Good to read that someone has the ba… to have an own opinion.
I once eliminated all FK relationships from the database and managed them in the code. It was more error prone yes, it took more time to implement yes, but it was a huge gain in performance. I’ve gone that way cause denormalisation was not an option as some of those tables were shared between many entities and updates were frequent on them. The key to success down this road was to test test test…
How about a performance chart comparing the database that stores the same information; but, with the first database being normalized too much, the second database being not too normalized, and the third being not normalized?
I think a lot of you are taking me too literally… I never said get rid of normalization, but its clear that too much of it can be a bad thing. In general, reads within a denormalized system is almost always faster than a normalized one, the catch is updating and data storage are poor.
Great Raditya, why create a chart as a project and I’ll post the results.
An old topic, but still ranks in Google, so I’ll still comment.
I think you need to also consider disk latency when assessing the cost of disk space. It might be cheap per GB of storage, but if the database manager needs to bring in four times as many pages in order to perform a join or any other operation on the table, then that could have a very negative impact on performance. There’s usually more disk storage than memory allocated to a database.
Also, the sophistication of the database manager in generating access paths and the accuracy of database statistics will play a large part in determining whether it’s faster to denormalise to plain text, or use lookup tables (as per your ‘country’ field example.
Fabulous article. I’m dealing with overnormalization right now, in an IT computer database. Normalizing, in this case, is just more work than it’s worth, especially for a small company.
I mean, I’ve got a table for CPUType and three entries for a P5. I will NEVER buy another P5. They don’t make them. I don’t don’t want one… you get the picture, I hope.
I am in the process of “denormalizing,” to a degree… but I will admit it HURTS because normalizing as been so drilled in to my brain. 🙂
Pingback: Memo: Avoid Functions in Database Queries | Down Home Country Coding With Scott Selikoff and Jeanne Boyarsky
I’m poking around SQL Server 2012 with the Adventureworks database. So sick of all these numeric ids!!!
It seems some people didn’t read the word “too much”.
SQL Server 2016’s temporal table functionality can really eat into disk space if tables are not normalised. The convenience of history logging across multiple tables has lent me to over-normalise thus avoiding history tables duplicating wide rows in entirety for each minor data update. I realise that this functionality was not available during the OP (for SQL Server, at least), but the requirement to keep a change history was. If the native functionality didn’t exist, for whatever platform, it would be written for purpose. Change history is easier when over-normalising.
I think that people too much normalization-aware might be sick and design worse databases, less “browsable” and harder to code with.

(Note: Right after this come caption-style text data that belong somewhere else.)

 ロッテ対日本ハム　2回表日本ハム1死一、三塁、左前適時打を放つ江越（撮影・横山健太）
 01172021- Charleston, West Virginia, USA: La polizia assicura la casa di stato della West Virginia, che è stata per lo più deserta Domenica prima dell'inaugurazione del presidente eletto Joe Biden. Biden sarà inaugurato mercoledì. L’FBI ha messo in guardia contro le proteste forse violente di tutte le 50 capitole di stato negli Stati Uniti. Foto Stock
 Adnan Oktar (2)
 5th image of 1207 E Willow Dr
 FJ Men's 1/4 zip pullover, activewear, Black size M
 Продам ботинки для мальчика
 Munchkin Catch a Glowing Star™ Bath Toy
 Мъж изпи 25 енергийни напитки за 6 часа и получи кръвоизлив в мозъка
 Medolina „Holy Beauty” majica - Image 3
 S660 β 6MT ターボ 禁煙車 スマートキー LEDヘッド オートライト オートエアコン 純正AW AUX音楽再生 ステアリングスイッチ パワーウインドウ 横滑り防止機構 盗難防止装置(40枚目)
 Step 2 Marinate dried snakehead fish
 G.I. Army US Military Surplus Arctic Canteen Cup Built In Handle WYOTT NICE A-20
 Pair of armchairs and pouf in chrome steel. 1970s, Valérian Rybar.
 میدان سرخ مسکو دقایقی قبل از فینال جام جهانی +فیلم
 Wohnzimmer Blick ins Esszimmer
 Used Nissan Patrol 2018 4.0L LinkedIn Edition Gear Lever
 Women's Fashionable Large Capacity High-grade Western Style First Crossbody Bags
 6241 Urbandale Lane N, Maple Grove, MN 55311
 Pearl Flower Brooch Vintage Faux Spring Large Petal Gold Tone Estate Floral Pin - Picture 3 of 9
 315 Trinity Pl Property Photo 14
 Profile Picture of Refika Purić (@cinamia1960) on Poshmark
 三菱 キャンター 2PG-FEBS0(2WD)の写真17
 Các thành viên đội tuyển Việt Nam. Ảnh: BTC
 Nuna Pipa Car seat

Space isn’t an issue in most cases, and I think this: if you have values which can be naturally primary keys, use them! DO NOT create another id just because it is “shorter”. I believe PK should be the actual values, not something that “stands for”, just because you spare bytes. E.g.: if you have a customer_table, let the PK be the actual customer_id, not some sequence generated id which then you will be using around for FKs.